Meyreuil (5 800 habitants), dans le Pays d’Aix-en-Provence (Bouches-du-Rhône), est une commune au passé minier réunissant plusieurs hameaux. Ville démographiquement dynamique, grâce à l’arrivée de nouveaux couples avec des enfants jeunes, c’est aussi une ville culturellement animée. Barbara Ferreira, conseillère aux événements culturels et à l’école de musique et d’arts plastiques, pilote une intense activité de programmation mais aussi d’éveil et d’enseignement artistiques, avec l’appui du tissu associatif. Elle veille également, par le choix de la gratuité et la diversité de l’offre d’animation et de spectacles, à intéresser chacune et chacun.
Y a-t-il eu un changement de majorité aux dernières élections ?
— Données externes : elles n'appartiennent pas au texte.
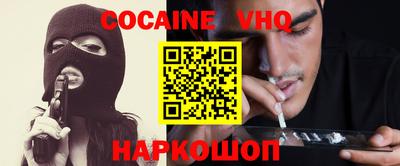 дмт Краснокаменск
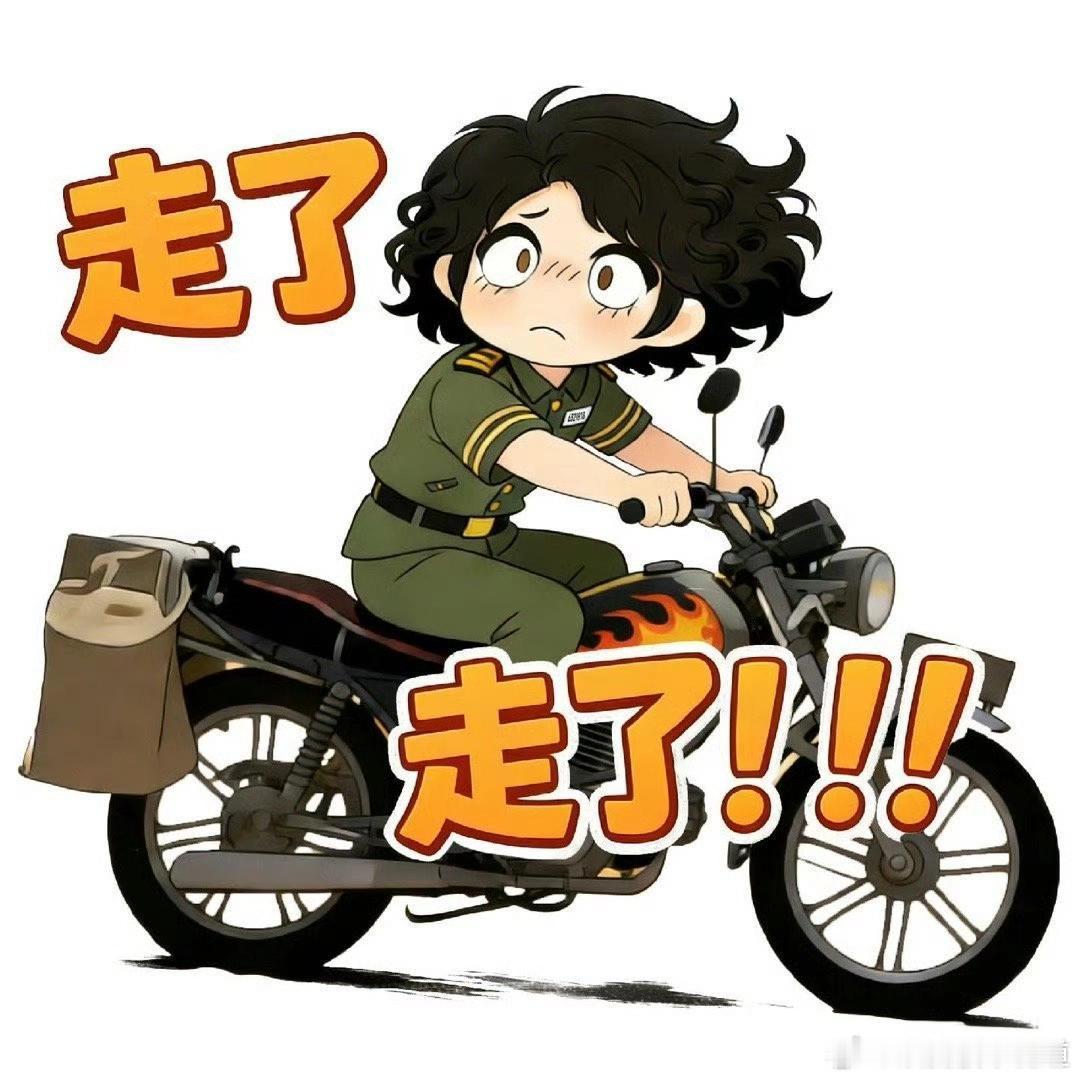 上来看看有没有什么新鲜事，发现还是那些旧闻，于是我喊白菊警官骑着她心爱的小摩托带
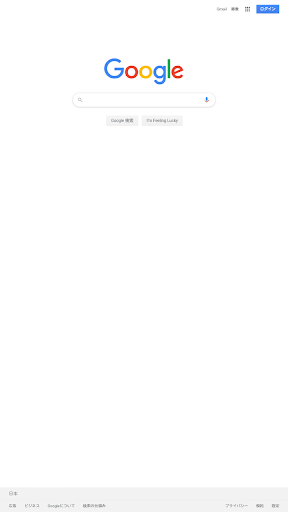 Android application Full Screen Web Browser For PC screenshort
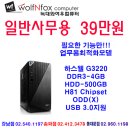 논현PC 이미지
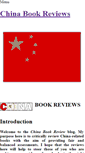 Mobile Screenshot of chinabookreviews.weebly.com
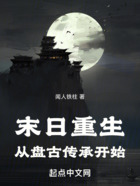 末日重生:从盘古传承开始在线阅读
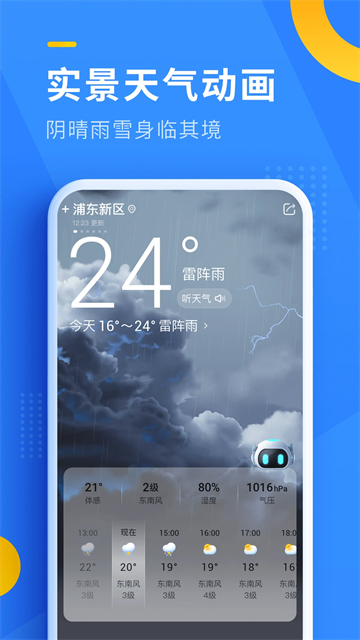 即刻天氣最新版截圖4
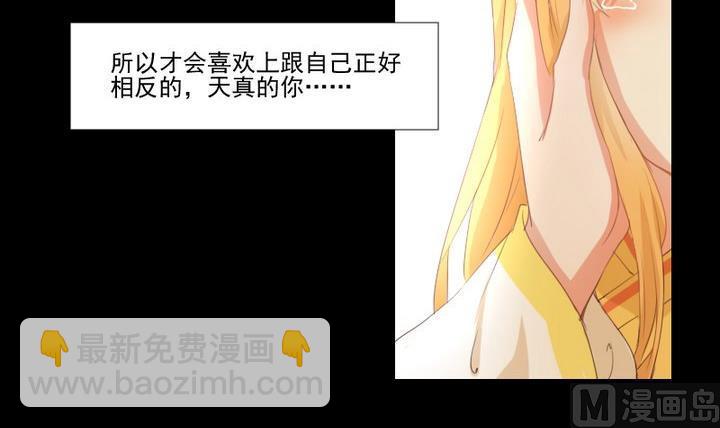 第74话 你只能对我微笑-第61话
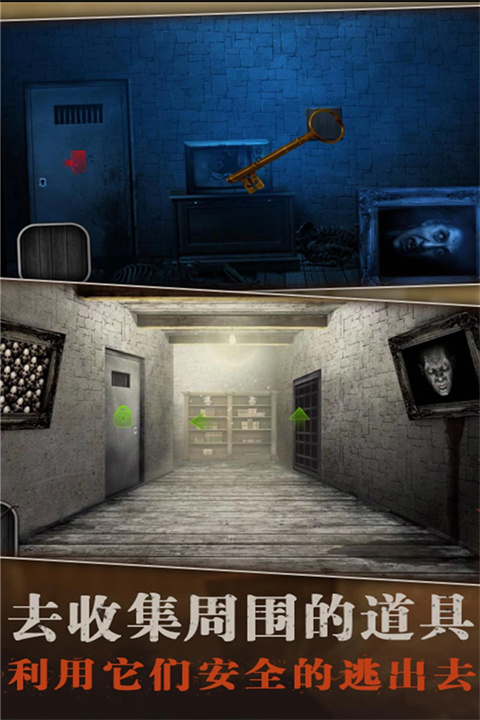 疯狂酷跑之旅最新版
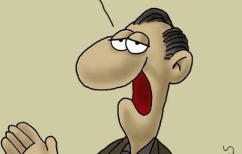 ΝΕΑ ΕΙΔΗΣΕΙΣ (Νέο σκίτσο Αρκά: Έκλεισαν τράπεζες, επιχειρήσεις, σπίτια, την αξιολόγηση δεν θα κλείσουν;)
La nouvelle équipe municipale menée par notre maire, Jean-Pascal Gournès, s’inscrit dans la continuité de la précédente mandature. Pour ma part, on m’a confiée la délégation aux événements culturels et à Muz’Art, l’école municipale d’arts plastiques et de musique de Meyreuil. Je suis élue depuis 2008. J’étais présidente et vice-présidente de l’Office municipal socioculturel pendant douze ans avant de prendre la fonction de conseillère lors des dernières élections.
La particularité de votre territoire ?
La commune, à l’origine constituée de hameaux, se compose de plusieurs quartiers distants les uns des autres, avec cependant un centre administratif – “le vieux Meyreuil” – et, à 2 ou 3 kilomètres, le centre de vie de la commune, là où se situent les commerces et les écoles. Elle est en pleine expansion. La construction d’un nouveau quartier a permis l’arrivée de nouveaux foyers avec de jeunes enfants. Donc une ville très agréable à vivre – ni trop rurale ni trop urbaine et où de nombreuses entreprises sont implantées –, avec une grande mixité de population qui nous oblige à une programmation très variée pour que chacun puisse trouver ce qui l’intéresse.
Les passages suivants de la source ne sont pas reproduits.